WHAT NEEDS TO BE DONE
All the data below should be printed again without a single difference.

INFORMATION GIVEN
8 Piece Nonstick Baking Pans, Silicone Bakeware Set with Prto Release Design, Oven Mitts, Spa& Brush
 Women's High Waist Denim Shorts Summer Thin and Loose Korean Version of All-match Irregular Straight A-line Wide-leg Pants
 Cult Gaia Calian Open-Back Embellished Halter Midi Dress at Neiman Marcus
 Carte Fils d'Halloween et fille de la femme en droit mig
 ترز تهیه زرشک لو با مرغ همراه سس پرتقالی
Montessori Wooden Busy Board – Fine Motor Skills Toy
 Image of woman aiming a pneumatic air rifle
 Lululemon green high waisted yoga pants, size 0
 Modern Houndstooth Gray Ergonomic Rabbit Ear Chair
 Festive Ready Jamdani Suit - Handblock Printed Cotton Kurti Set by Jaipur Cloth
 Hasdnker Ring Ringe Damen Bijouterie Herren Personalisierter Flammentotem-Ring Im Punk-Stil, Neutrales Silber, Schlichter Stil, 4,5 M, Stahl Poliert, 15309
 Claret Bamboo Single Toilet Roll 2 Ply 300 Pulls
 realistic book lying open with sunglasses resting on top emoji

REPLY TO THE EXERCISE
8 Piece Nonstick Baking Pans, Silicone Bakeware Set with Prto Release Design, Oven Mitts, Spa& Brush
 Women's High Waist Denim Shorts Summer Thin and Loose Korean Version of All-match Irregular Straight A-line Wide-leg Pants
 Cult Gaia Calian Open-Back Embellished Halter Midi Dress at Neiman Marcus
 Carte Fils d'Halloween et fille de la femme en droit mig
 ترز تهیه زرشک لو با مرغ همراه سس پرتقالی
Montessori Wooden Busy Board – Fine Motor Skills Toy
 Image of woman aiming a pneumatic air rifle
 Lululemon green high waisted yoga pants, size 0
 Modern Houndstooth Gray Ergonomic Rabbit Ear Chair
 Festive Ready Jamdani Suit - Handblock Printed Cotton Kurti Set by Jaipur Cloth
 Hasdnker Ring Ringe Damen Bijouterie Herren Personalisierter Flammentotem-Ring Im Punk-Stil, Neutrales Silber, Schlichter Stil, 4,5 M, Stahl Poliert, 15309
 Claret Bamboo Single Toilet Roll 2 Ply 300 Pulls
 realistic book lying open with sunglasses resting on top emoji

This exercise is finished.